| AVAILABLE RECORDS |
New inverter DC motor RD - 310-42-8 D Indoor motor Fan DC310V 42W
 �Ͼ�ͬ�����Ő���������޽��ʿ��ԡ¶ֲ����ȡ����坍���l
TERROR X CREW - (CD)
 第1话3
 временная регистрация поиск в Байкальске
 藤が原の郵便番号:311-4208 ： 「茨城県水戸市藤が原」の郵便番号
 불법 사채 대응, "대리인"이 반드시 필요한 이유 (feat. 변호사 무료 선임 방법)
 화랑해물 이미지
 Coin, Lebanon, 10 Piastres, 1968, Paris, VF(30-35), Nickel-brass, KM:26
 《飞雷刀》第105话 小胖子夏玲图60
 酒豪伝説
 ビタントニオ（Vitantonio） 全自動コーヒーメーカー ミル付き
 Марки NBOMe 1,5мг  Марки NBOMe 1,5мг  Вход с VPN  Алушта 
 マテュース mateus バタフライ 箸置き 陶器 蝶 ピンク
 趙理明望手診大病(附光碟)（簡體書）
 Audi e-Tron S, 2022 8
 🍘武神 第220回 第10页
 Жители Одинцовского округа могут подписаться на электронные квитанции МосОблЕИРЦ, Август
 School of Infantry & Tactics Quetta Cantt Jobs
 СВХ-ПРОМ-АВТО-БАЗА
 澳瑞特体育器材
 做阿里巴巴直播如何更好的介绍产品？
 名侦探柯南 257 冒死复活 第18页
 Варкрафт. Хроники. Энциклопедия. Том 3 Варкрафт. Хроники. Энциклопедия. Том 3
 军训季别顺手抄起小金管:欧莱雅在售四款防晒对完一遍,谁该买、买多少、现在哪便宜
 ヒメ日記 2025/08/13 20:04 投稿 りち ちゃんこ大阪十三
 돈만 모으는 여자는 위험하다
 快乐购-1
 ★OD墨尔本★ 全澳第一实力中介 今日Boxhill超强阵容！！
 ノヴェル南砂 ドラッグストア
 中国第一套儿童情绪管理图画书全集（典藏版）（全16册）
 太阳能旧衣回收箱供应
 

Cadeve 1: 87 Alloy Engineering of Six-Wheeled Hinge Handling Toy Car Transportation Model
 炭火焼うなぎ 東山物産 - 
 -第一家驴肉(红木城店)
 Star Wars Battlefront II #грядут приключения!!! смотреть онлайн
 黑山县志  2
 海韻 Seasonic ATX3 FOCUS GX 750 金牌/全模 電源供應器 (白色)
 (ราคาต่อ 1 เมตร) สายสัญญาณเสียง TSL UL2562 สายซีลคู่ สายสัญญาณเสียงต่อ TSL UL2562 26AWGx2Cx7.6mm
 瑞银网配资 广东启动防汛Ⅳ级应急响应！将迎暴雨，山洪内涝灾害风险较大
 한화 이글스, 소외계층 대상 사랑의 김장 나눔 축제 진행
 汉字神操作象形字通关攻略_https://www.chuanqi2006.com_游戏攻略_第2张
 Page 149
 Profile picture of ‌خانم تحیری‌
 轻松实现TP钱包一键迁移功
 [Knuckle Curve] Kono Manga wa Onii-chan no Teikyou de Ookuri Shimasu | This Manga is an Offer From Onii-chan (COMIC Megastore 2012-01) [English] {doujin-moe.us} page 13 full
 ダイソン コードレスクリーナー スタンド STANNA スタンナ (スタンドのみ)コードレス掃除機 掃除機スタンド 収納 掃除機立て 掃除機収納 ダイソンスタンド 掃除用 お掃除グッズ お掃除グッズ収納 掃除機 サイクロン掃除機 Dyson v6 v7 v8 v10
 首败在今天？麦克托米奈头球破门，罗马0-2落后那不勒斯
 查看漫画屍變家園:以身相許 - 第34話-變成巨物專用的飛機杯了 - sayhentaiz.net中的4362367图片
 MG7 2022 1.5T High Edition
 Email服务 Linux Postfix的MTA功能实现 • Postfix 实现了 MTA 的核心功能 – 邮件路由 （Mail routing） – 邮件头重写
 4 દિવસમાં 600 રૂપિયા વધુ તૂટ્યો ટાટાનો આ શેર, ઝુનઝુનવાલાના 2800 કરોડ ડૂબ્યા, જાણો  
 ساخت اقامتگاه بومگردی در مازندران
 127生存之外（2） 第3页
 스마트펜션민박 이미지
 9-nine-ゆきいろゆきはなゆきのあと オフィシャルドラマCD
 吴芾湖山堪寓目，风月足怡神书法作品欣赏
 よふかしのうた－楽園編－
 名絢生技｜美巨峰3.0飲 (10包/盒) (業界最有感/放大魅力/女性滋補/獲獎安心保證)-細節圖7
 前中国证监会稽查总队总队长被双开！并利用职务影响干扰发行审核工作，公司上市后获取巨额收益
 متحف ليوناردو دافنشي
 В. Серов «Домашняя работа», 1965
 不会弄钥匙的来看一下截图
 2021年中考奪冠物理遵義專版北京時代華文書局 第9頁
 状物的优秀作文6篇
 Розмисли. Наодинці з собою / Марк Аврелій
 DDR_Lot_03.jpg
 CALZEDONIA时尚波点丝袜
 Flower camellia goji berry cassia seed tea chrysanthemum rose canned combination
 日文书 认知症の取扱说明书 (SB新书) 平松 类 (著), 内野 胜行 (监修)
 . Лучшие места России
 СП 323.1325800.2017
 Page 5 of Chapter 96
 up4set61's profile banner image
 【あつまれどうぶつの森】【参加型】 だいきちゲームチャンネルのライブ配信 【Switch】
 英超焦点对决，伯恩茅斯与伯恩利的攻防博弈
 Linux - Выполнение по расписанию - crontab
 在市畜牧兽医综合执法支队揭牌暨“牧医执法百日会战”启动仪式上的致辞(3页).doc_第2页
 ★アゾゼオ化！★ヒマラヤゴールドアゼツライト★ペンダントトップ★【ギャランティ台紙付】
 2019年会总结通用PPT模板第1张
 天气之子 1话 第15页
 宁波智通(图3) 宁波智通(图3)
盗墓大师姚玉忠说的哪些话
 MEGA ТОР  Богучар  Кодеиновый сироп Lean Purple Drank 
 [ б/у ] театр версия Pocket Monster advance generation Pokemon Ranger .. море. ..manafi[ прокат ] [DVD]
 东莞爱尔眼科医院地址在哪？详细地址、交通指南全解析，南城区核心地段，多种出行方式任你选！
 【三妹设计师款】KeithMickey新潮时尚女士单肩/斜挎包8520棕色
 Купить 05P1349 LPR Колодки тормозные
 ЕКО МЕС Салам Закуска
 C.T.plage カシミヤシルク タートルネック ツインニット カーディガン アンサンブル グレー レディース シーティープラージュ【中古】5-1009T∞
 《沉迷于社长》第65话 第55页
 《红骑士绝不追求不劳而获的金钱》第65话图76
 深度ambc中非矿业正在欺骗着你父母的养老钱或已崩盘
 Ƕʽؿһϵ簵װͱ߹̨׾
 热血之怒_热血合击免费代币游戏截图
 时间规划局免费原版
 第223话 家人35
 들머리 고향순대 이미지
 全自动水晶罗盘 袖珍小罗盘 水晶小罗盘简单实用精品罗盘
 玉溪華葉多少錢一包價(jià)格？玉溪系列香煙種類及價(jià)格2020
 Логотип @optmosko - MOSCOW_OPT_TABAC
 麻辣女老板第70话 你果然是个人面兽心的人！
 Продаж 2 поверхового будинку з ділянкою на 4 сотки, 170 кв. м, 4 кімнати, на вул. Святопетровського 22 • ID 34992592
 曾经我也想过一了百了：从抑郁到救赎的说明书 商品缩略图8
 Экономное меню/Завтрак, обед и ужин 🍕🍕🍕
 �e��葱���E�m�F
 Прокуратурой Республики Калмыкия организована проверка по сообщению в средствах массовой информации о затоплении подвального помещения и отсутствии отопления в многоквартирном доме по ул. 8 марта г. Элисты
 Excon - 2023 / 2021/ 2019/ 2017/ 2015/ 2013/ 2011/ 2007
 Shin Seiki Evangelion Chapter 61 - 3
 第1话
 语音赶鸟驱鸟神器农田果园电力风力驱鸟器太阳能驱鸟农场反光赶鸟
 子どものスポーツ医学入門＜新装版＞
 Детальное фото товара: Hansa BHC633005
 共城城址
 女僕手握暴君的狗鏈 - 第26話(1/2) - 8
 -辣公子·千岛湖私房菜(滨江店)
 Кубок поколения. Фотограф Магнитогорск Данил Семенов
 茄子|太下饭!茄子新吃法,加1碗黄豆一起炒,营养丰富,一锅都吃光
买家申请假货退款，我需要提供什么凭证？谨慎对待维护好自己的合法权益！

| WORK TASK |
Each line above that contains the word "Linux" should be returned.

| SOLUTION FOR THIS PROBLEM |
 Email服务 Linux Postfix的MTA功能实现 • Postfix 实现了 MTA 的核心功能 – 邮件路由 （Mail routing） – 邮件头重写
 Linux - Выполнение по расписанию - crontab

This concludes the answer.